Elements preventing such union, therefore, had to be eliminated. These meant the Protestants, at that time numbering about 50,000, mostly Baptists and Seventh Day Adventists. Diem had planned to eliminate them chiefly via legislation by prohibiting their missions, closing their schools, and refusing licenses to preach or have religious meetings. This he would have done legally in accordance with the future concordat to be signed with the Vatican, modeled upon that of Franco’s Spain. Such anti-Protestant legislation would have been enforced once the war was over and a Catholic state had been firmly established.
That this was no mere speculation, curiously enough was confirmed at that period in London, England. The present author at that time lived only a few hundred yards from the Embassy of South Vietnam, Victoria Road, Kensington. He called at the embassy a number of times to find out the reason for the Diem regime’s “harassing certain disruptive Buddhist sects.” Documents, all official, were given justifying the harassment. The official explanation was that the Buddhists were “prosecuted” not on religious but on political grounds. When the present author mentioned the Protestants, an official explained that they were a special case. Since they were Christians, their “prosecution” would be justified, once the domestic situation had become normal, on the ground that a state – in this case, the Catholic State of South Vietnam – had to be inspired by the tenets upon which it is founded. A perfect Catholic State, therefore, could not tolerate Protestants nor Christians who did not believe in the uniqueness of the Catholic Church. This, it should be pointed out, was at the time when Pope John XXIII had launched the era of ecumenism. The high official who gave the explanation should have known, since he was none other than President Diem’s own brother, also a staunch Catholic, Ambassador Ngo Dinh. Another official, a former Baptist, subsequently confirmed that there existed already a blueprint for the formal elimination of Protestantism in a future United Vietnam.

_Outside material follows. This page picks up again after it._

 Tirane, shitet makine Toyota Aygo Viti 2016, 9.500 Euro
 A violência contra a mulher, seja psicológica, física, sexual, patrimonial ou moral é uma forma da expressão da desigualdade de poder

That these were no mere theoretical plans for the future, was proved by the fact that Diem started his program in earnest. Prior to eliminating any Protestant or Buddhist, he had first to Catholicize the fabric of Vietnam. One most important section of these is education. The Catholic Church is adamant on the subject.
To create a total Catholic State one has to shape its youth, the future citizens of tomorrow. A tenet, which has created no end of trouble in many lands, including the U.S. itself, with her problem of parochial aid and the claim of the Catholic church for special educational exclusiveness. Since Diem had no restriction, he saw to it that the command of his Church be strictly enforced.
In 1957, he instituted a Roman Catholic university at Dalat; by 1963, it had already over 500 students – the future intelligentsia of the country. Diem also made sure that Catholic professors and teachers be given seats at two state universities, at Hue and at Saigon respectively. The following year the Jesuits set up seminaries in the same cities. The regime built 435 charitable institutions; between 1953 and 1963 Diem set up 145 middle and upper schools, of which 30 were in Saigon alone, with a total of 62,324 pupils.
During the same period the Catholic Church in South Vietnam, from having only three upper and middle schools in 1953, had multiplied them to 1,060 schools by 1963, a brief period of only ten years.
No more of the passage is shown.